◆ Work task
In the records below, the relevant part opens with the line containing "Aboriginal Artwork by" and closes with the line containing "2pcs Chair Covers, Universal"; print that part exactly and only, without its pictures.

◆ Source material

------------------------

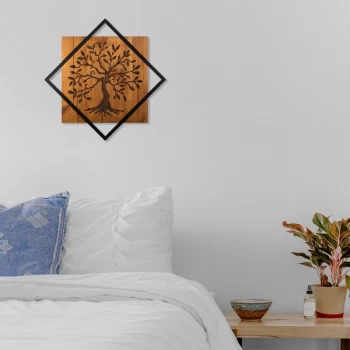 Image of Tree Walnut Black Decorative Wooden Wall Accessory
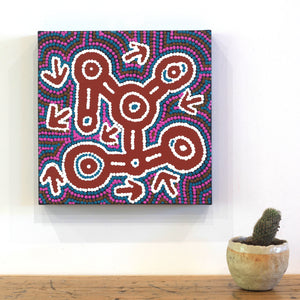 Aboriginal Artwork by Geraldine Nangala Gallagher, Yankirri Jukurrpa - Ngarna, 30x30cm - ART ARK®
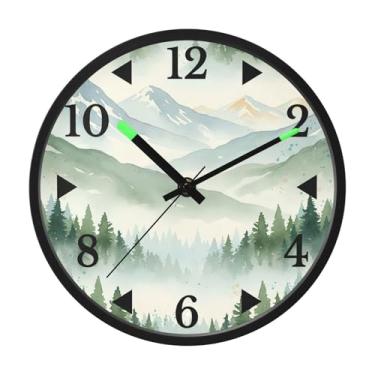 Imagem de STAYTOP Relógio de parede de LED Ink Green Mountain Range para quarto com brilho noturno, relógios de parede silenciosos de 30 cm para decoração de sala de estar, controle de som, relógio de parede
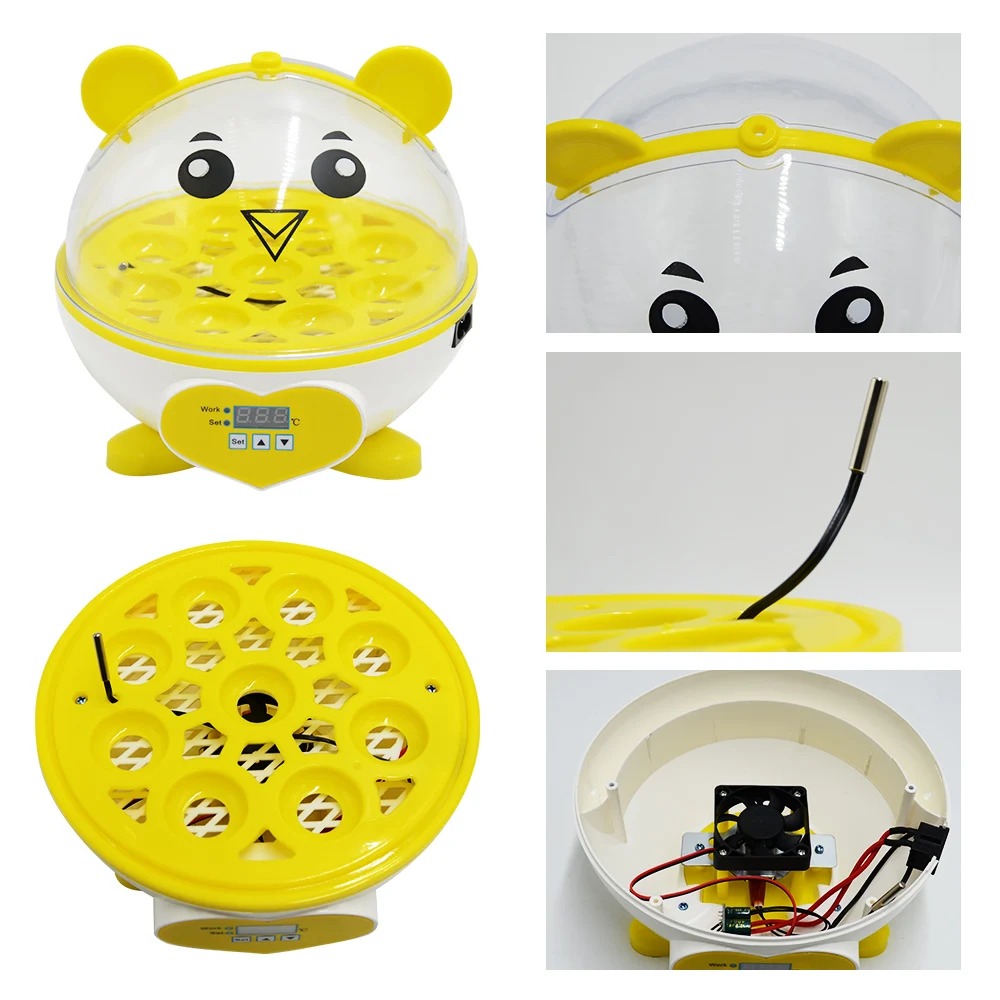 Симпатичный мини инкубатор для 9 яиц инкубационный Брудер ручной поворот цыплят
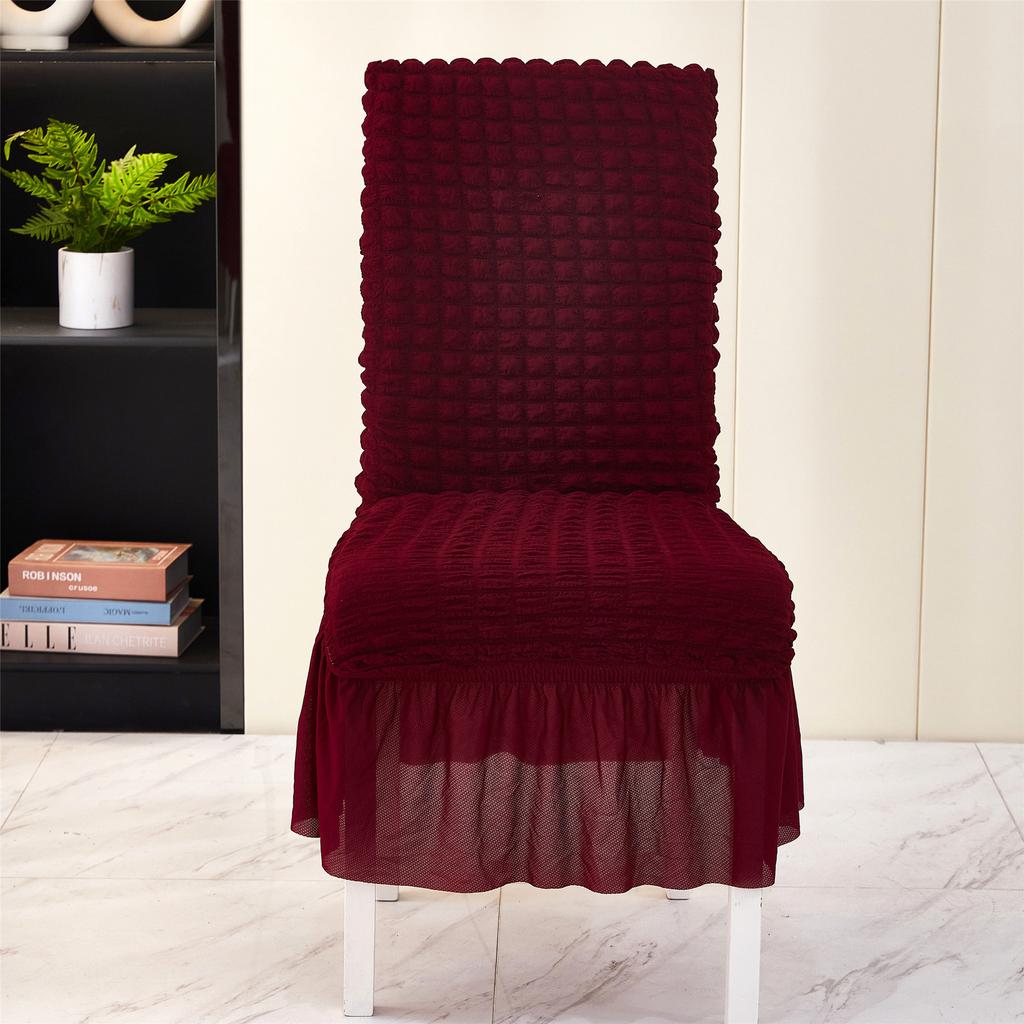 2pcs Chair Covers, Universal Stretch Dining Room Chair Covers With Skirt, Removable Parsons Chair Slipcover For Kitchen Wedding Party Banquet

------------------------

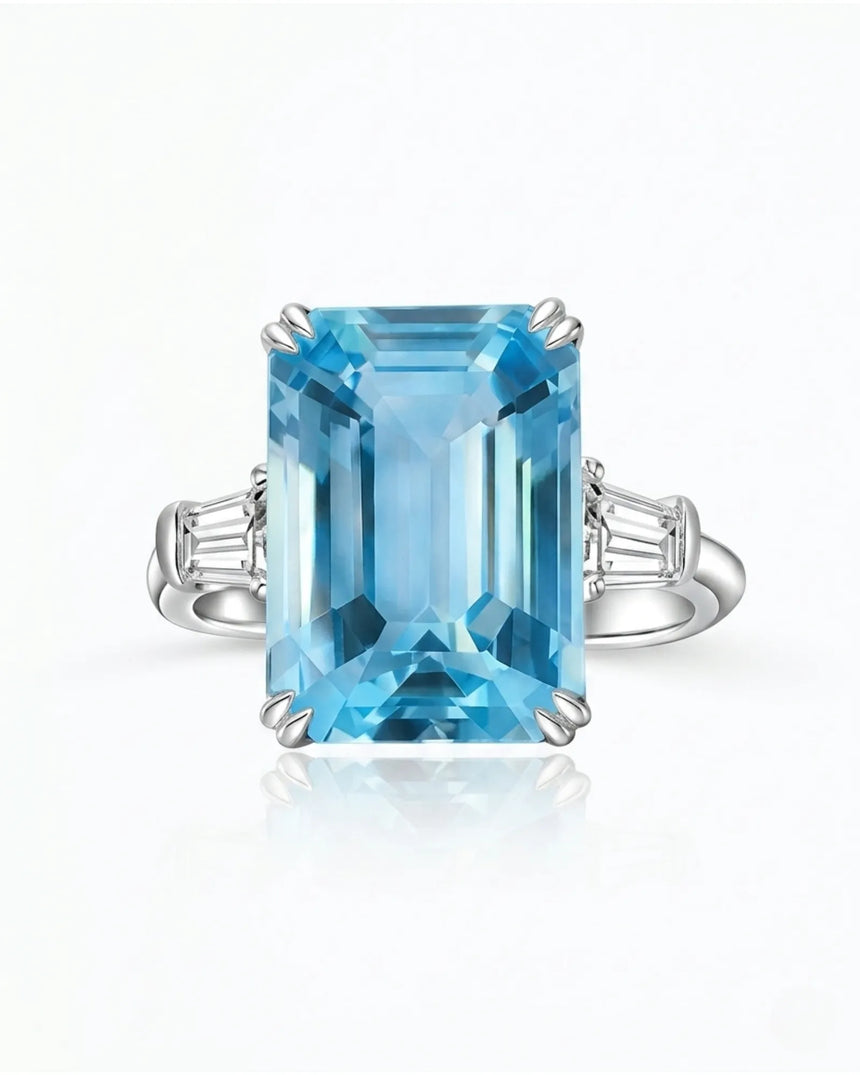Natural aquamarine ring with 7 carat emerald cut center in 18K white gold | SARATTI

------------------------

◆ Solution below
 Aboriginal Artwork by Geraldine Nangala Gallagher, Yankirri Jukurrpa - Ngarna, 30x30cm - ART ARK®
 Imagem de STAYTOP Relógio de parede de LED Ink Green Mountain Range para quarto com brilho noturno, relógios de parede silenciosos de 30 cm para decoração de sala de estar, controle de som, relógio de parede
 Симпатичный мини инкубатор для 9 яиц инкубационный Брудер ручной поворот цыплят
 2pcs Chair Covers, Universal Stretch Dining Room Chair Covers With Skirt, Removable Parsons Chair Slipcover For Kitchen Wedding Party Banquet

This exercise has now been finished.